I just read an interesting post about US versus UK English by Jill Sommer (@bonnjill on her blog Musings from an overworked translator. Jill explains why she declines requests to translate into UK English and how simply changing the spelling of certain words doesn't turn a text into UK English. The comments section for that post features a spirited discussion about how different the two "Englishes" really are.
Like Jill I am sometimes asked to translate into UK English and i generally decline. However, in technical writing at least, a somewhat hybrid form of English seems to be emerging. When I explain to clients that living in the U.S. I don't feel comfortable enough with British English to translate into that variety of English, I am sometimes told that proper UK English is not what they're looking for anyway. Rather, they want a non-country-specific "global English" with British spelling.
Well, I can (and have done) that. Such a hybrid form wouldn't work for legal texts, where not only the text, but the legal system itself needs to be translated.
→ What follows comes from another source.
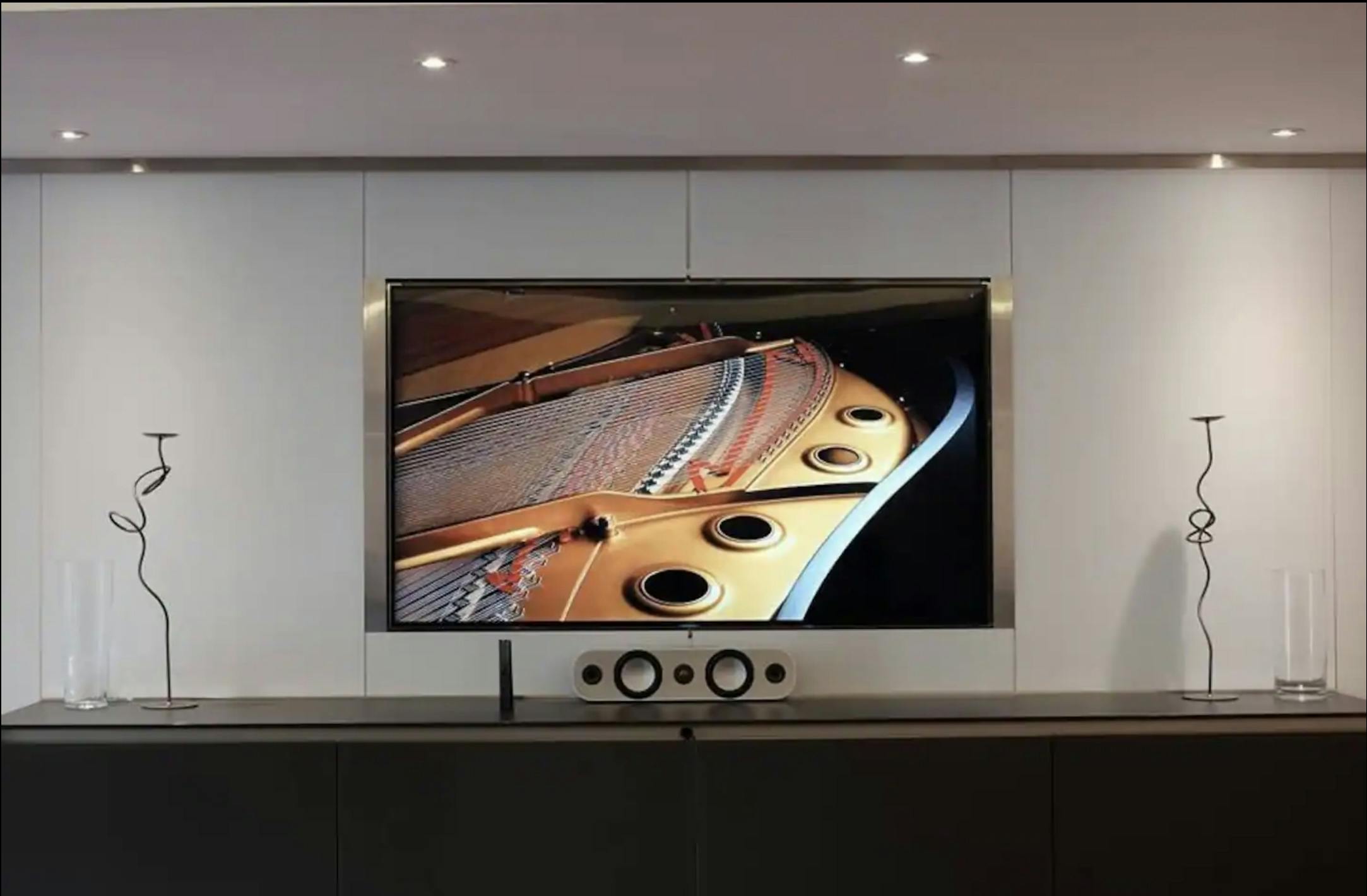 Lumiere London - The Apartment - The Lounge image 2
But in my specialty, IT, most terms were coined in the US to begin with. And frequently the translation I provide is not really - or not exclusively - intended for the UK market anyway. Rather, specifications, data sheets and similar materials are translated into English as a lingua franca. UK spelling is requested because that is the spelling most Europeans learn in school. As long as my clients are clear about the fact that my terminology and style will be based on US, not UK, English, I'm happy to run the finished translation through whichever spell checker they prefer.
Other clients (agencies) have said that providing a US English translation for what will eventually be delivered to a UK end client is okay because they will have a UK proofreader/editor change it to conform to British English. Conversely, I have been asked to "Americanize" a translation done by a UK translator so that it can be delivered to a US end client. If the agency knows that the editor will need to change quite a bit to adjust for the other variety of English, they won't fault the original translator for "poor quality", and everyone is happy.
So while I don't accept work that specifically calls for UK English, some of these workarounds allow us to exploit time differences across the Atlantic, as well as provide the internationalized English many end clients are really looking for.